▸ **Data**
━━━━━━━━

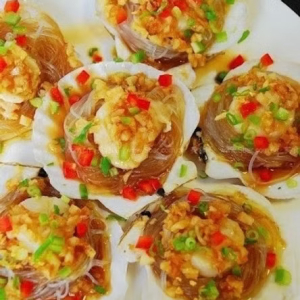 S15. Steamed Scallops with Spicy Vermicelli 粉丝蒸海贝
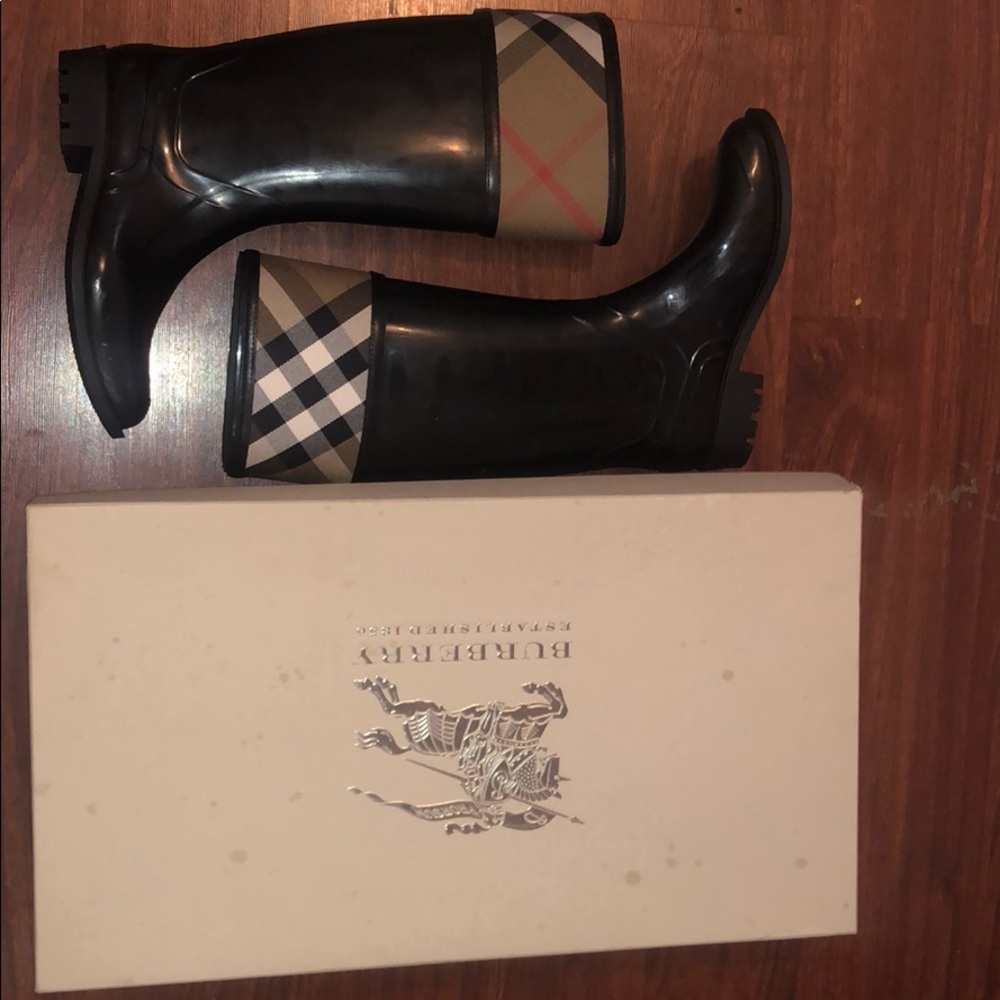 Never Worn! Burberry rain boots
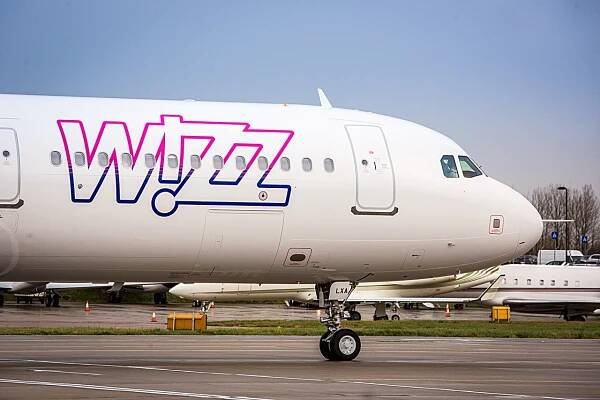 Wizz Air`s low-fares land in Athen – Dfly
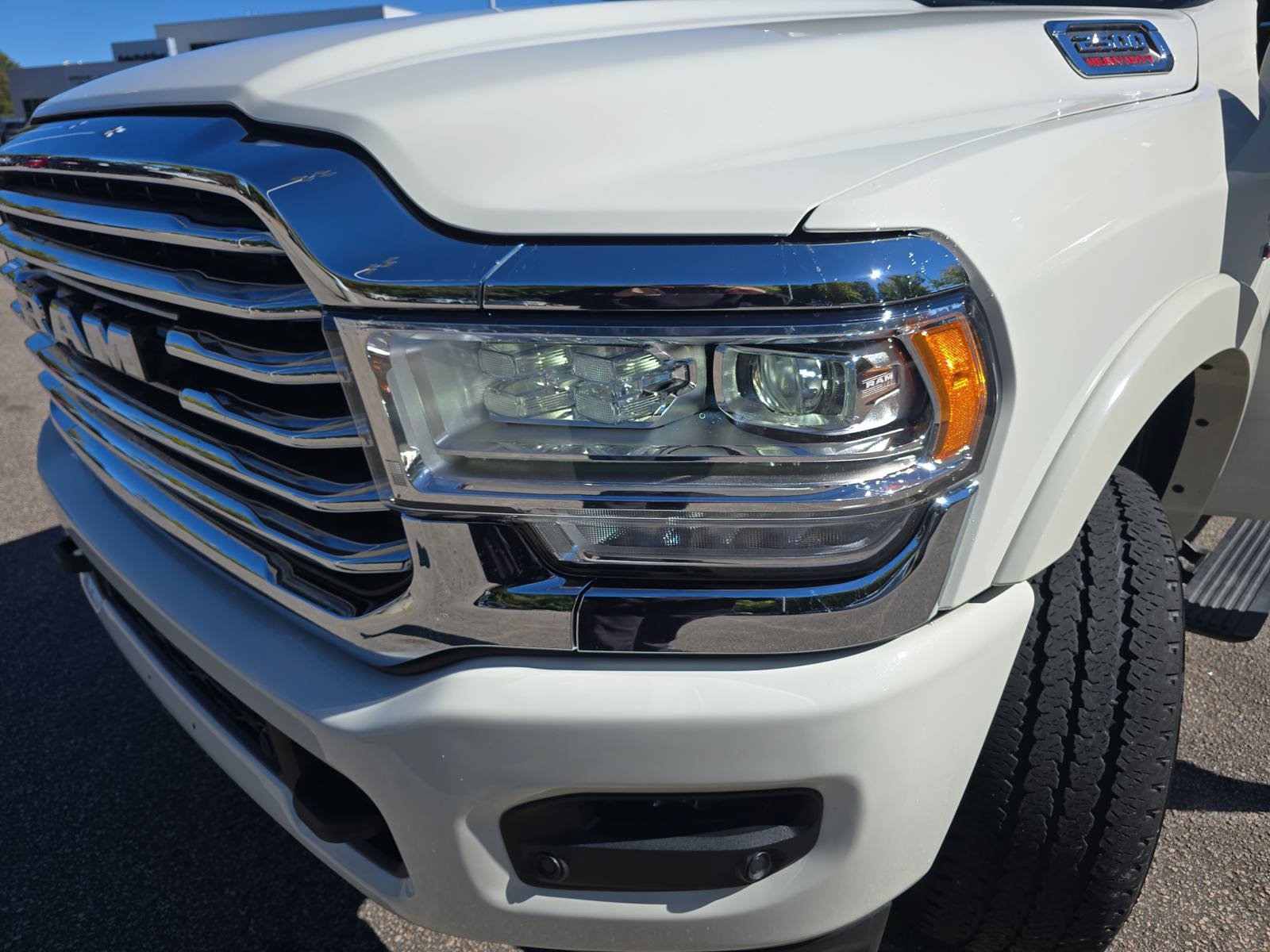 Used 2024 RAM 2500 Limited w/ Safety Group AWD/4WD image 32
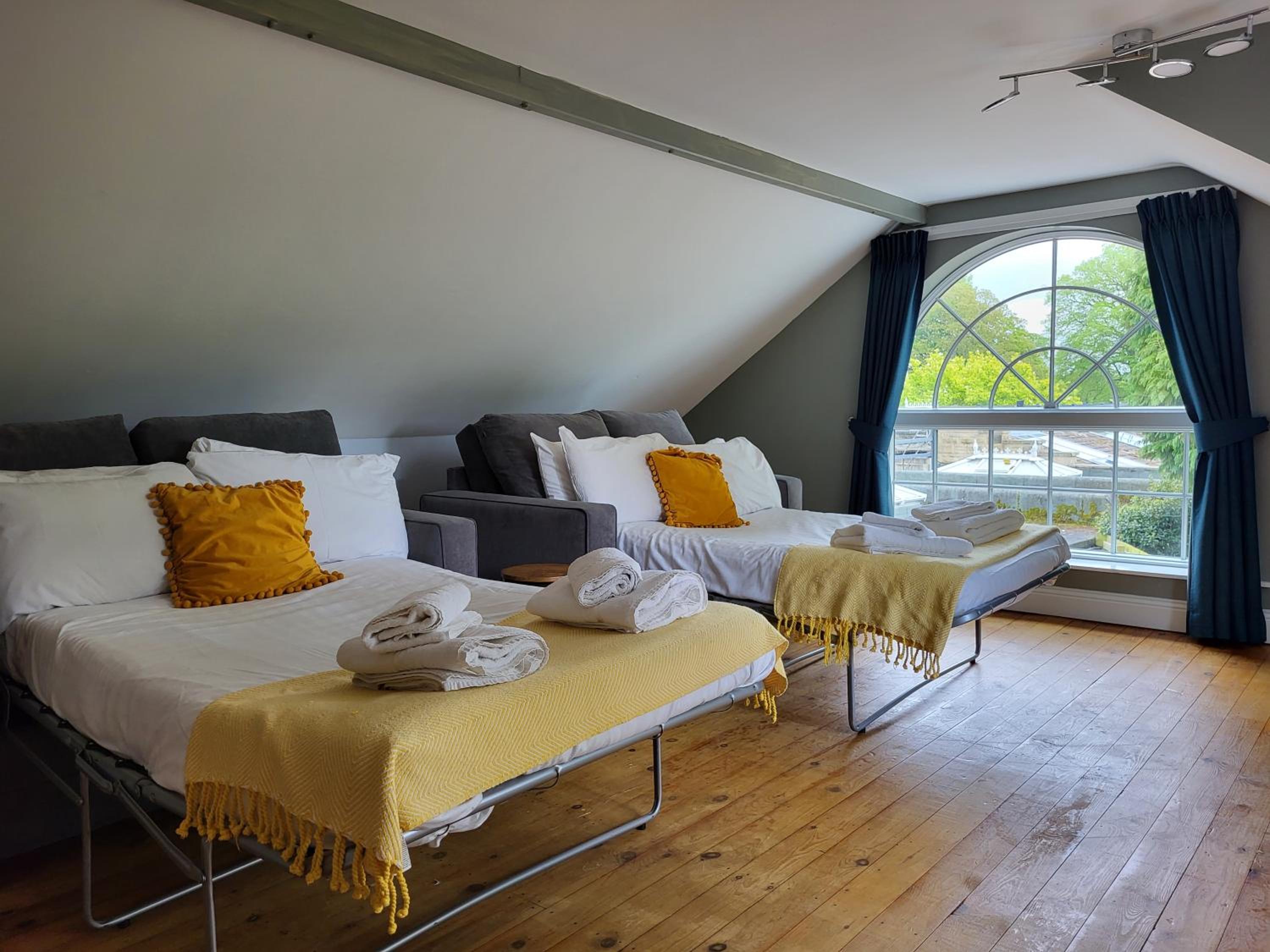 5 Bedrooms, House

━━━━━━━━

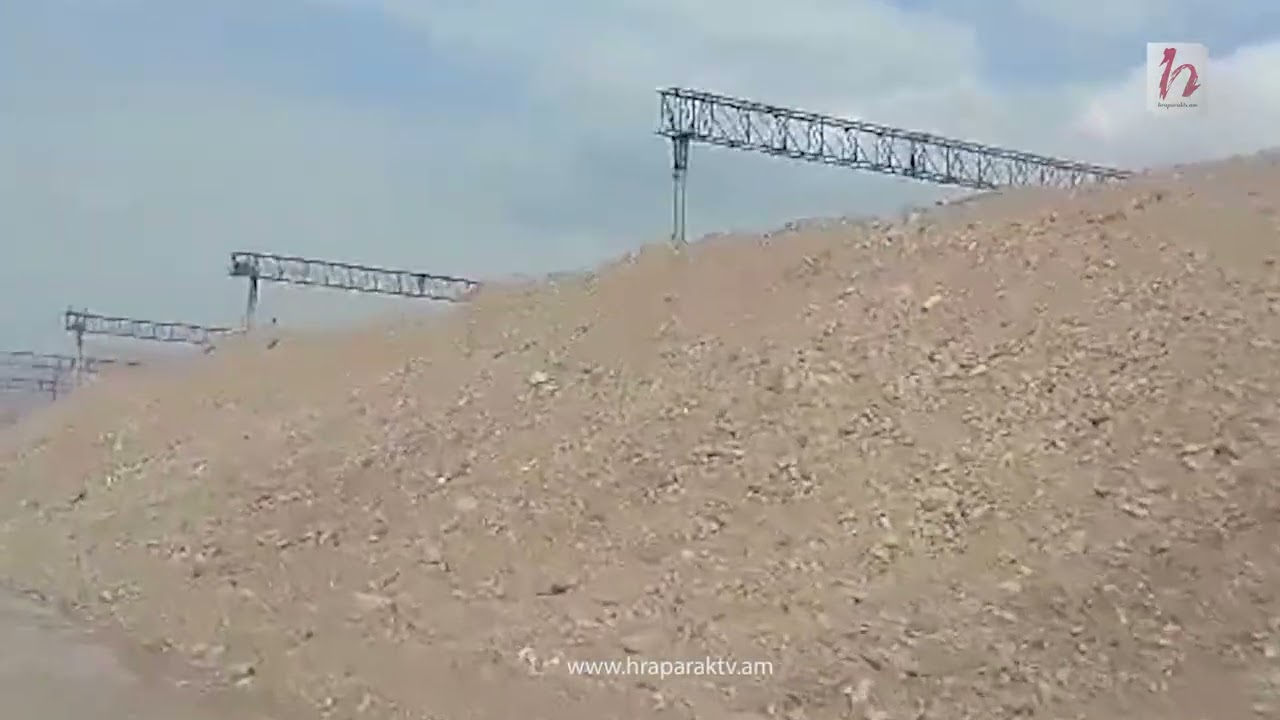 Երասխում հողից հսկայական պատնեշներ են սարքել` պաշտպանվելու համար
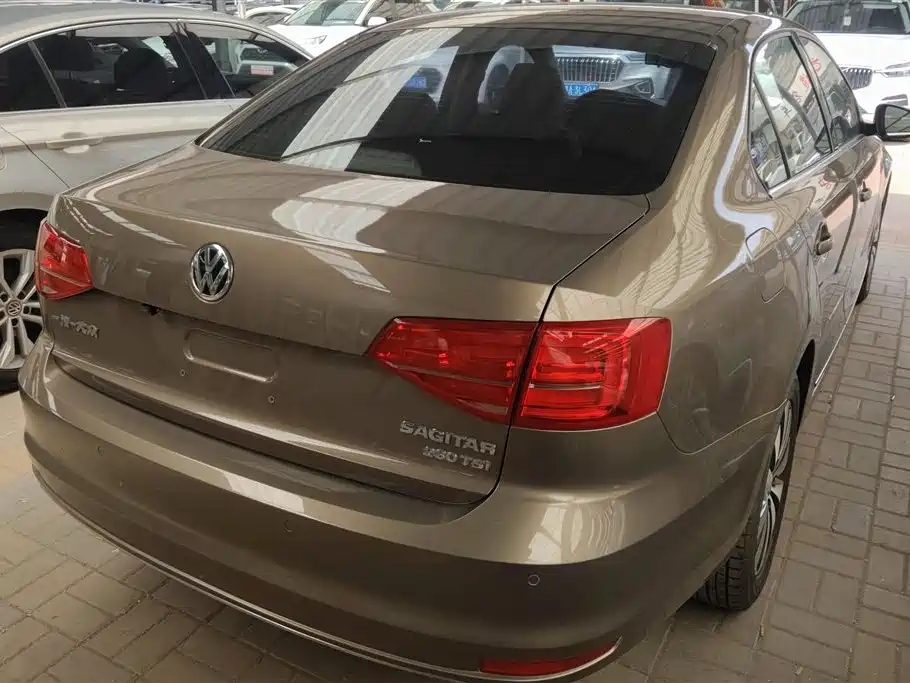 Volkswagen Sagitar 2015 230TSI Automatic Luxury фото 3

━━━━━━━━

▸ **Exercise**
Exact copy, no pictures. Write out the lines in the entries above, starting with the line with "S15. Steamed Scallops" and going on through the line with "5 Bedrooms, House", keeping both.

▸ **Result of the task**
 S15. Steamed Scallops with Spicy Vermicelli 粉丝蒸海贝
 Never Worn! Burberry rain boots
 Wizz Air`s low-fares land in Athen – Dfly
 Used 2024 RAM 2500 Limited w/ Safety Group AWD/4WD image 32
 5 Bedrooms, House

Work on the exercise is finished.